Tuesday, October 24, 2017

Climate excuses add up as climate theory fails

Tony Abbott may have annoyed the climate change mob with his speech in London, but a far more serious problem for that industry is an admission that global temperatures have not been following climate models.

Besides the two papers making that admission, including one in Nature Geoscience, that massive industry also faces the problem of a possible La Niña this year, which will pull global temperatures down.

Selling disaster stories about rising temperatures, the main way the industry justifies itself, is harder if temperatures are falling rather than rising.

The June 19 paper, "Causes of differences in model and satellite tropospheric warming rates", states in part: ‘We conclude that model overestimation of tropospheric warming in the early 21st century is partly due to systematic deficiencies in the post-2000 external forcings used in model simulations.’

Scientists have made this observation before and been bitterly attacked for their troubles, but this paper is notable for including, as authors, the global warming leading light Professor Michael Mann, of Pennsylvania State University and one of Australia’s most distinguished scientists in this area, Professor Matthew England of the University of NSW.

In other words, the climate establishment has finally conceded some ground by agreeing that climate models may not be right all the time.

The concession is still comparatively limited as the paper refers to the troposphere (the upper atmosphere) and, as the authors have subsequently made clear, they blame the difference on a combination of ‘internal variations’ and short-term natural cooling such as volcanic eruptions injecting material into the atmosphere.

They are not abandoning global warming as a theory, merely explaining why the models are falling short. The implication is that the models will still accurately forecast warming over the long term.

The second paper "Natural climate variability, part 2: Interpretation of the post-2000 temperature standstill" published on October 2 in the less prestigious International Journal of Heat and Technology, adjusts recorded temperatures by removing the massive El Niño that rolled through the climate system in 2015-2016.

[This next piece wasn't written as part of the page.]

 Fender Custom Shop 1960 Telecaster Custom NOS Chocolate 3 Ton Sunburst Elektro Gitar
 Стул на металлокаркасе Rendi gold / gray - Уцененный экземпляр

Scientists have claimed that the obvious spike in temperatures in 2015 and 2016 were the end of the so-called ‘pause’ in global temperatures. The paper, by three Italian academics led by a Nicola Scafetta of the University of Naples Frederico II, states ‘by removing the ENSO (El Nino Southern Oscillation) signature, the authors show that the temperature trend from 2000 to 2016 clearly diverges from the general circulation model (GCM) simulations.

Thus, the GCMs models used to support the AGWT (anthropogenic global warming theory) are very likely flawed.’

This is the sort of inconvenient paper that the climate establishment is adept at ignoring and discrediting, and Professor Scafetta, an astronomer and statistician rather than a climate scientist, has theories on the sun and the planets influencing climate that make his straight statistical work easy to unfairly deride.

However, as the climate establishment is making similar noises, albeit while insisting that global warming theory still rules, Scafetta’s paper has caused comparatively little fuss.

Any laymen/women with expertise in the Excel spreadsheets can also download the earth’s global temperature records from the Hadley Climate Unit site in the UK and examine the resulting graph for themselves, without the mixed benefit of highly trained scientists interpreting the results.

That graph clearly shows the spike in temperatures in 2015-16 is due to the previously mentioned El Niño, but it is equally clear that temperatures have fallen back to about where they were before El Niño, at least to judge by just looking at a 13-month rolling average.

Then there is the real possibility of La Niña, the opposite of El Niño, pulling temperatures down. The Australian Bureau of Meteorology takes a typically conservative line on the warning signs of cooler waters (as measured by satellite) in the Pacific by saying on its site, ‘The El Niño–Southern Oscillation (ENSO) remains neutral. The surface of the tropical Pacific has warmed over the past fortnight as a result of weaker trade winds.

‘International climate models surveyed by the Bureau suggest this recent surface warming may only be temporary, with further cooling of the tropical Pacific Ocean likely. Five of the eight models suggest sea surface temperatures will reach La Niña thresholds by Dec. 2017, but only three maintain values for long enough to be classified as a La Niña event.”

The private US meteorological service Vencore Weather, however, said on its site in early October ‘there is now substantial agreement amongst numerous computer forecast models that La Niña conditions are likely to become established over the next couple of months and current observations back this notion’.

As the Vencore site also points out ‘if history is any guide, once La Niña becomes well-established in the tropical Pacific Ocean, global temperatures should drop noticeably relative-to-normal’. This will make life difficult for the many global warming proponents trying to push a bleak view of the world’s future.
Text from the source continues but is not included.